DATASET EXCERPT: Begin

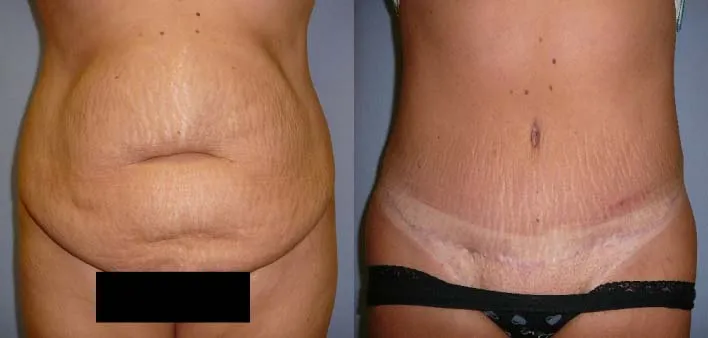 Абдомінопластика – результат 3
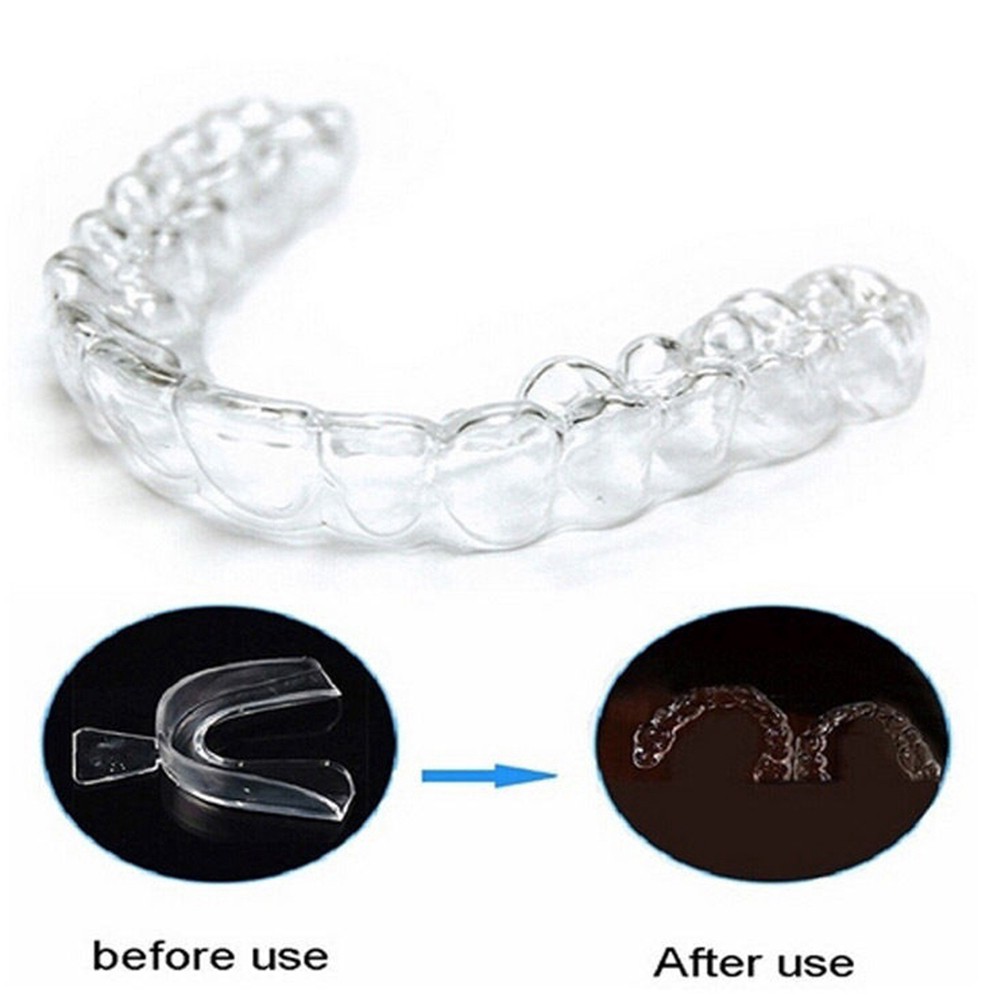 Set 2 khay ngậm làm trắng răng chất liệu silicone an toàn cấp thực phẩm tiện dụng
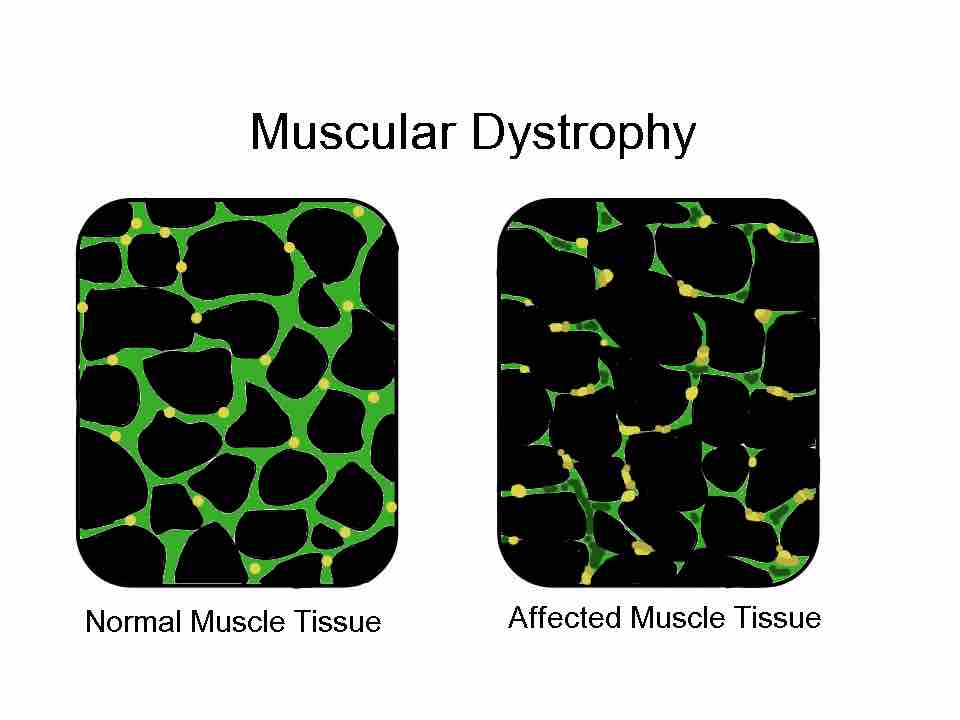 Muscular Dystrophy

DATASET EXCERPT: End

ASSIGNMENT
Repeat the material exactly. Skip the images.

RESULT OF THE TASK
 Абдомінопластика – результат 3
 Set 2 khay ngậm làm trắng răng chất liệu silicone an toàn cấp thực phẩm tiện dụng
 Muscular Dystrophy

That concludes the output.